By Terry Duffy
Spring has sprung. With it, post-winter road repairs, paving, waterlines and flooding occupied a portion of an otherwise low-key session of the Lewiston Town Board on Monday.
Resident Mark Elias inquired on the rough road conditions plaguing Morgan Drive, the Morgan Farms area and the town's plans on addressing the matter. Jumping right into it, Town Highway Superintendent Dave Trane replied the town's considerable schedule of road related work and repairs is at last underway, with paving delays thus far placed on the prolonged winter type weather conditions.
"Today's the first nice day we've had of the year," Trane said, referencing last Monday's balmy spring weather. "They probably won't start making hot patch till the end of this week; as soon as I get that I can start (with paving)."
Trane said town highway crews would likely begin with the Pletcher Road paving job on the north end and work their way down. "It's not something we're avoiding," said Trane to the resident.
"It's the first nice day; we still have plows on our trucks.
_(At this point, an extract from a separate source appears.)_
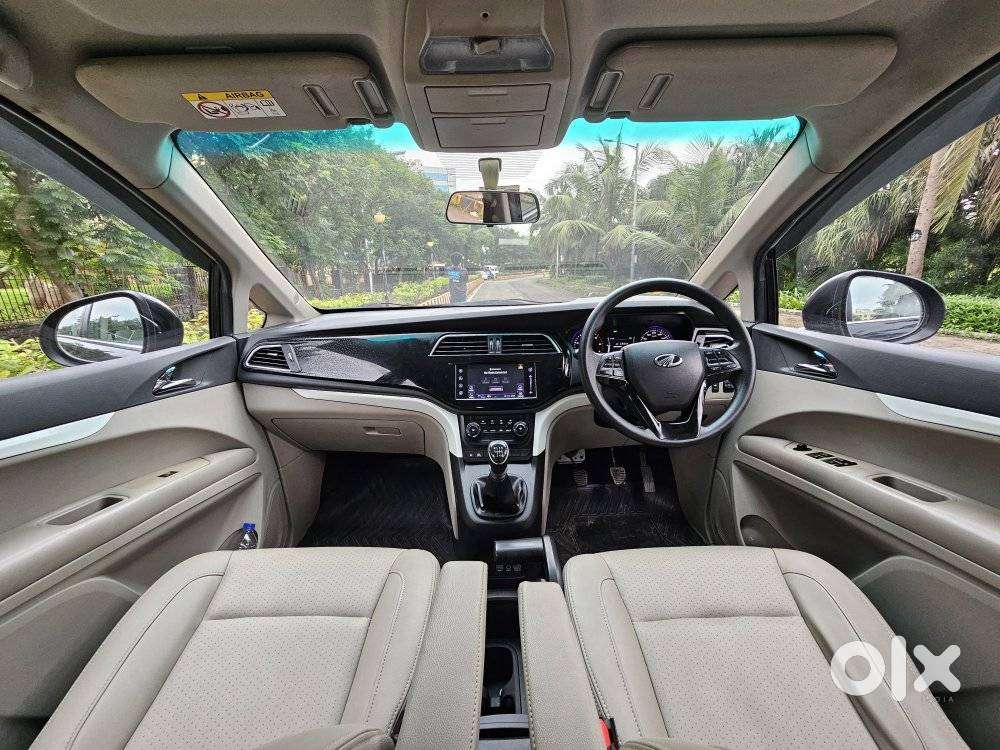 Mahindra Marazzo M8, 2018, Diesel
I can't get everything done (at once)."
But winter is not the only reason for road paving hang-ups, it was soon learned. The town's pending waterline replacement project, a significant $10 million undertaking approved last year by the Town Board for northern Lewiston is also forecasted to impact a long list of needed road paving projects.
Trane said that water lines on Morgan Drive are among those on the list to be replaced and that, for the time being, the town would be handling needed repairs on Morgan, as well as others awaiting new waterlines, with a series of hot patch repairs versus a complete milling and repaving.
Expanding on the waterline project Town Engineer Robert Lannon told Town Board members that the actual replacement work and completion is still a few years down the road. "The schedule for the waterline at this point is the surveys are being conducted and parts of that are under design," said Lannon. "We're targeting to advertise for bids, pending approval" of the town water department, Niagara County Health Department and others - a process he forecasted should be complete by later this fall.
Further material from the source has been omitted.